Check for specificity

  • Replace vague claims with evidence: hours worked, roles held, tasks completed, grades improved, people served, or projects finished.
  • Name timeframes when relevant: one semester, two years, weekly, full-time, evenings, weekends.
  • Use concrete nouns and verbs instead of abstractions. Prefer tutored, budgeted, built, coordinated, repaired, studied.

If you cannot support a claim with an example, weaken or remove the claim.

Check for voice

The essay should sound thoughtful and grounded, not inflated. Cut lines that try too hard to impress. Replace “I am an exceptionally passionate and dedicated leader” with evidence that lets the reader reach that conclusion alone. Confidence in scholarship writing comes from precision, not self-praise.

Check for coherence

Read the first sentence of each paragraph in order. Do they form a logical progression? If not, your structure may be drifting. Make sure the essay moves cleanly from context to action to insight to future direction.

Check for honesty

Do not exaggerate hardship, inflate impact, or borrow language that does not sound like you. Scholarship readers can usually detect when an essay is performing sincerity instead of offering it. A modest but truthful example is stronger than a dramatic but thin one.

Mistakes to Avoid Before You Submit

  • Cliché openings: Avoid “From a young age,” “I have always been passionate about,” and similar phrases that tell the reader nothing specific.
  • Listing without reflecting: A resume in paragraph form is not an essay. Explain significance, not just sequence.
  • Generic need statements: “College is expensive” is true but not memorable. Explain your situation and your plan.
  • Trying to cover everything: Depth beats breadth. Two well-developed examples usually outperform six brief ones.
  • Overwriting: Long sentences full of abstract nouns often hide weak thinking. Keep your language direct.
  • Ending weakly: Do not close with a vague thank-you alone. End by reinforcing how your experiences, goals, and present need fit together.

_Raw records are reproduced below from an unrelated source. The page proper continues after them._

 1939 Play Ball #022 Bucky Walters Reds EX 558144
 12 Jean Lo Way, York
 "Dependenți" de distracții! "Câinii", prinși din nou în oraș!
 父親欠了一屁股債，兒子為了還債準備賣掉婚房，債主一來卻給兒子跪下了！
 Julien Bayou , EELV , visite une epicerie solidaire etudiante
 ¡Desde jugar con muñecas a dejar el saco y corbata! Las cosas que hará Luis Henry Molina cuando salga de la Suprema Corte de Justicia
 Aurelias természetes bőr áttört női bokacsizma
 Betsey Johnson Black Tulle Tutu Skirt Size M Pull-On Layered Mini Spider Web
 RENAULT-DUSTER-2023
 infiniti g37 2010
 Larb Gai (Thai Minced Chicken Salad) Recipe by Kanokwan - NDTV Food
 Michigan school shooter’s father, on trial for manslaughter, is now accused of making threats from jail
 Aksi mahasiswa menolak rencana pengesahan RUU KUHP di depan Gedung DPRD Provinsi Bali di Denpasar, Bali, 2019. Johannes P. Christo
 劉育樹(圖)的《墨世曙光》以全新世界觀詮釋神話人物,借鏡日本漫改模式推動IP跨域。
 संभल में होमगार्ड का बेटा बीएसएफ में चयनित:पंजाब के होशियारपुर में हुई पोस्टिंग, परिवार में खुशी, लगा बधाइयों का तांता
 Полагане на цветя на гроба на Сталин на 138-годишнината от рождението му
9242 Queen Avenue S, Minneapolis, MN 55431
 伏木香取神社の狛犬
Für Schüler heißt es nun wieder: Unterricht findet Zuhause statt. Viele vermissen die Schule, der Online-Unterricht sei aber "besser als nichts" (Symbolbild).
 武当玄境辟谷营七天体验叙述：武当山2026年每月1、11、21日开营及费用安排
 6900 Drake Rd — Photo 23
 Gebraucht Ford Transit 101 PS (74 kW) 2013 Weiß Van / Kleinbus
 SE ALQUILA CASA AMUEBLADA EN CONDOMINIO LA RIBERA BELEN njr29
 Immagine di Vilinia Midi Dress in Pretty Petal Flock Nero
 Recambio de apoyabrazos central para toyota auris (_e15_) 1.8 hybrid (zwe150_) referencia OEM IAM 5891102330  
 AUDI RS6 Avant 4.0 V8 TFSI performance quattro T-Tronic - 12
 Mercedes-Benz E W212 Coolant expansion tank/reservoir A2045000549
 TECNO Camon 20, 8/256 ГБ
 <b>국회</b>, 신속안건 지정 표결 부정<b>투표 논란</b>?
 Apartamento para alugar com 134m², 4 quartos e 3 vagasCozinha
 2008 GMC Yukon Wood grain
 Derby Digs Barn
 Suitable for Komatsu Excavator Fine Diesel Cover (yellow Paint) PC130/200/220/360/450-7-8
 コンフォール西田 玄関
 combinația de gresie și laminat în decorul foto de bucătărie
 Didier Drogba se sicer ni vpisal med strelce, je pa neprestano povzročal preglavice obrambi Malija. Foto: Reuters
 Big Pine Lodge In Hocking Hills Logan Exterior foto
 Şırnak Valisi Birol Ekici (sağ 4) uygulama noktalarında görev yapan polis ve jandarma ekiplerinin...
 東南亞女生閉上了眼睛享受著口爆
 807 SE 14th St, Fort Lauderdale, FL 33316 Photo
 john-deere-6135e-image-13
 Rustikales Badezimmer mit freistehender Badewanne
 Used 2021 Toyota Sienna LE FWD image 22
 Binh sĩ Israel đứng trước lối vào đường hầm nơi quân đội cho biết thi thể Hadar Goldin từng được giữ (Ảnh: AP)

Before submitting, do one final pass with this checklist: Does the opening create interest? Does each paragraph have one job? Have I shown actions and results, not just intentions? Have I answered “So what?” after each major example? Does the conclusion point forward with realism and purpose? If the answer is yes, you will have a far stronger essay than most applicants submit.

Your goal is not to sound perfect. Your goal is to sound credible, reflective, and ready. That is what makes a scholarship essay persuasive.

FAQ

What if I do not have major awards or leadership titles?
You do not need prestigious titles to write a strong essay. Committees often respond well to evidence of responsibility, persistence, work ethic, and thoughtful goals. Focus on what you actually did, whether that happened in a job, classroom, family role, or community setting.
Should I focus more on financial need or on my achievements?
Usually the strongest essay connects both. Explain your situation clearly, but pair need with proof that you use opportunities well and have a concrete educational plan. Need without direction can feel incomplete, while achievement without context can feel detached.
How personal should this essay be?
Be personal enough to reveal perspective and motivation, but selective about what you include. Share experiences that help the reader understand your choices, growth, and goals. Do not include painful details unless they directly strengthen the essay's purpose and you can reflect on them with clarity.